#### The task
What you output should match the data below exactly.

#### Given information
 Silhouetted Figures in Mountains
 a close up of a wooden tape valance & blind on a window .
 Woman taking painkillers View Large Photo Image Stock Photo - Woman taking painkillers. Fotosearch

#### Written response
 Silhouetted Figures in Mountains
 a close up of a wooden tape valance & blind on a window .
 Woman taking painkillers View Large Photo Image Stock Photo - Woman taking painkillers. Fotosearch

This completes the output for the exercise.